Destiny’s Child. Demographics is destiny, so they say. And that should worry us. Pre-pandemic, an increasing share of UK economic growth (about half) came not from innovation or capital but rising labour supply (population growth). Yet new evidence has come that potentially around 1.3 million non-UK-born workers, many perhaps working in the hospitality sector in larger cities, especially London, have sensibly decided to wait the virus out back home. If largely true, then the UK population has fallen by over a million, the 1st fall since 1982. More omens that we’re entering a period of huge change.
Recovering. The purported shapes of recovery these days look like an alphabet soup, with K-shaped, two-paced recovery catching the fancy recently. Arguably, nowhere is the dichotomous trend more apparent than between services and industrial sectors. While the Eurozone was struggling with the renewed lockdowns in November, the monthly industrial production increased by 2.5% and is now just 1% below than pre-Covid levels. In particular, capital good productions growth of 7% was a cause of optimism. All that said, the situation remains as uncertain as ever. And the direct or indirect impacts of a continuing lockdown on industries in the near future cannot be ruled out.
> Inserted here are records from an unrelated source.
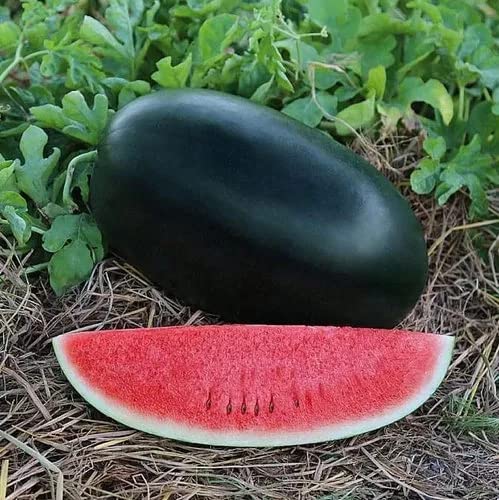 Gromax India Watermelon Black Fruit Seeds F1 Hybrid For Planting, Farming, Gardening(Pack of40 Seeds) (B09RV15FDJ) Amazon Price History, Amazon Price Tracker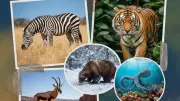 From Antelopes to Tigers: Animal Species That Defy Domestication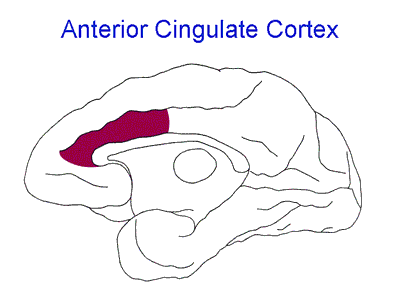 Anterior Cingulate Cortex: In stressed individuals, the anterior cingulate stops responding to serotonin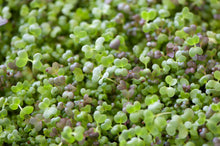 GreenEase Microgreens Starter Kit – 10 Organic Certified Jute Grow Pads, 3 BPA Free Low Profile 10x10 Trays for Easy Harvesting and 3 Packs of Microgreens Seeds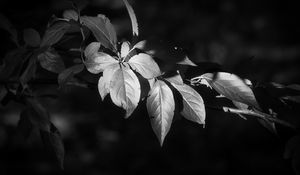 Preview wallpaper leaves, branch, black and white, blur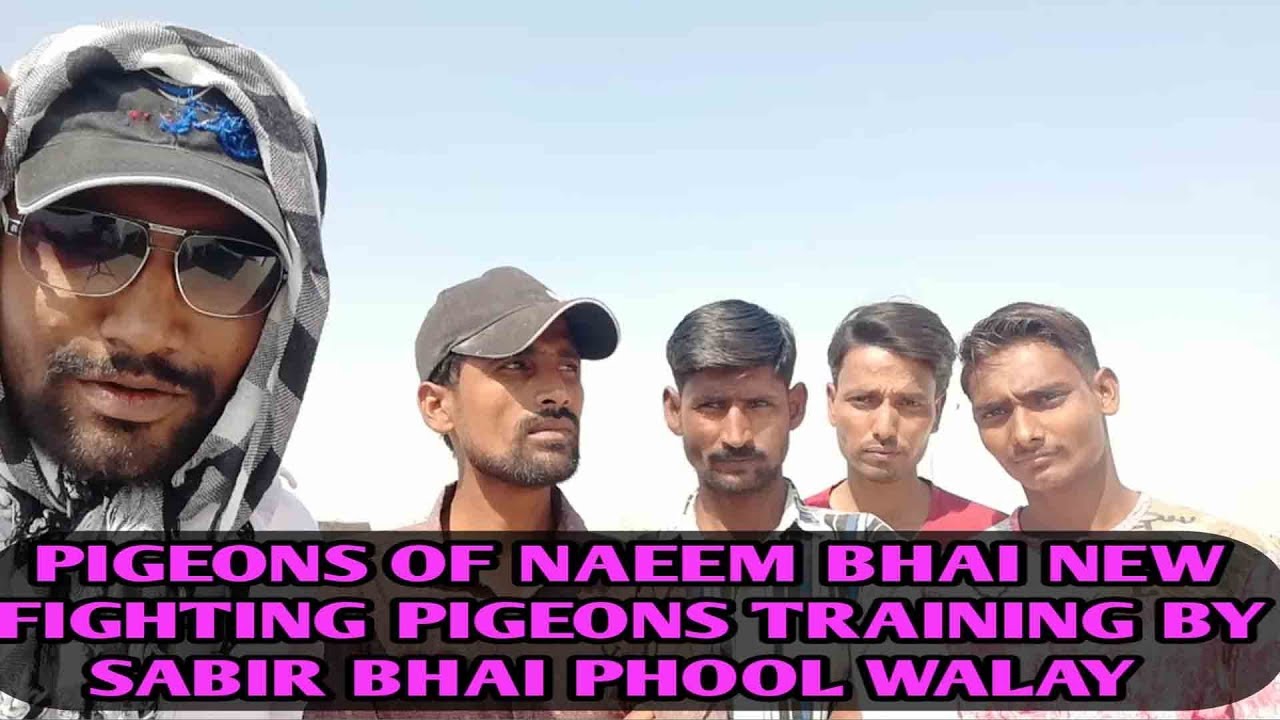 Pigeons of Naeem Bhai,New pigeons training by Sabir Bhai Phool Walay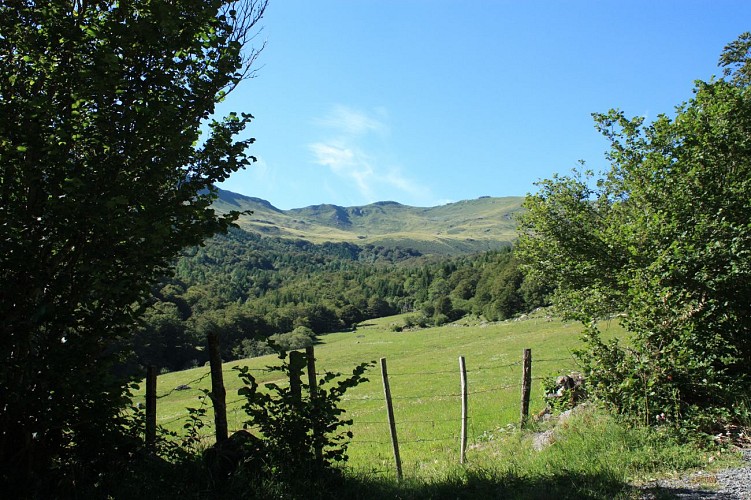 Randonnée Boucle de la Biche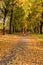 Autumn sunlay in the leaves on which the girl goes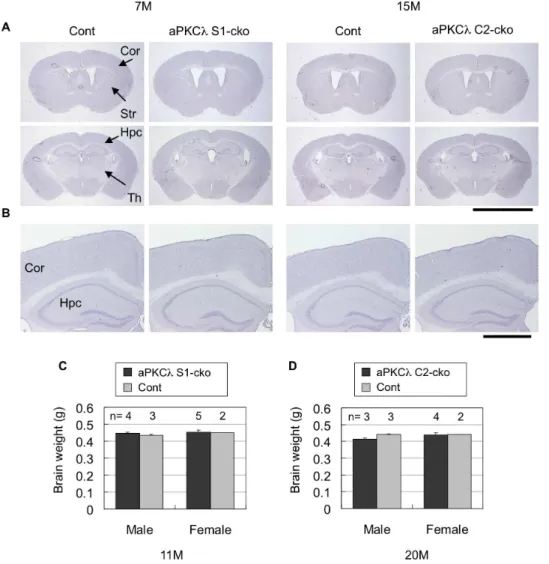 Figure 6. Hematoxylin staining and brain weights of aPKCl conditional deletion mice. (A) Hematoxylin staining of coronal sections of 7- 7-month-old aPKCl flox/2; S1-cre (S1-cko) or flox/+ (Cont) female mice (left two panels), or 15-7-month-old aPKCl flox/f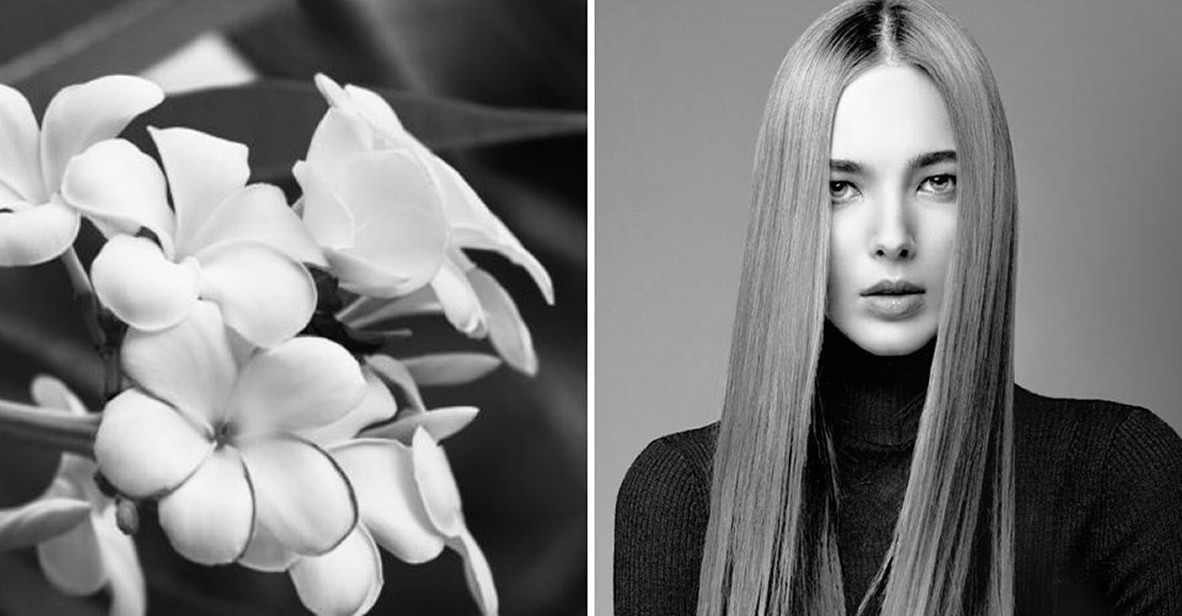 Flower PH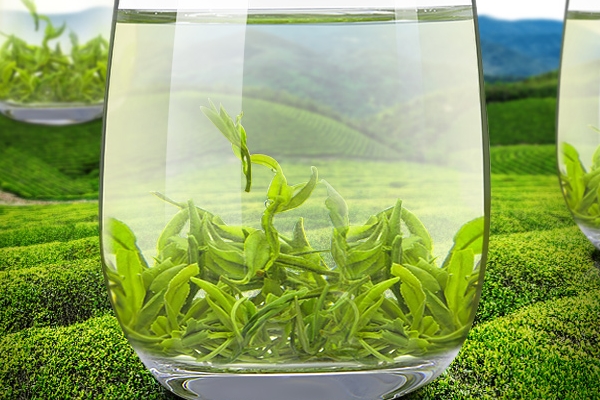 綠茶是發(fā)酵茶嗎 不屬于這個類別 綠茶是發(fā)酵茶嗎 不屬于這個類別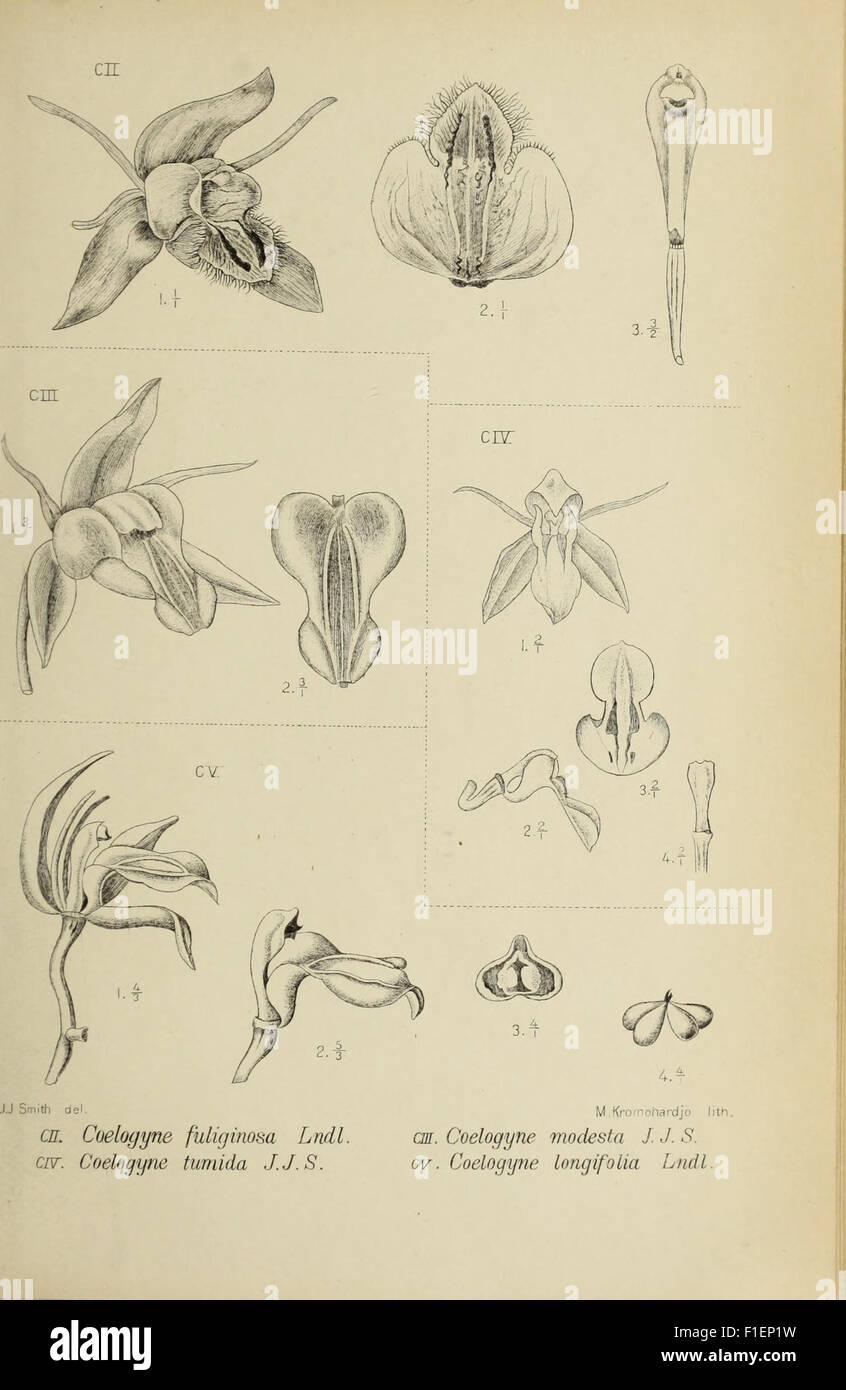 This 1905 botanical illustration from Die Orchideen von Java showcases ...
Lockdown resilience. In a Presidency that’s seen a trade war with China as a policy hallmark, it’s somewhat ironic that in its final days China reported its biggest trade surplus on record for a single month – a whopping $80bn. The country’s exports expanded 18%y/y in December with booming demand in the West for medical equipment and technology to aid working from home. According to China’s customs agency medical equipment and medicine exports rose 31% last year (including 224bn masks between March and December). Demand is so strong that firms are reporting a shortage of containers. That may explain some of the delays in goods coming to Northern Ireland.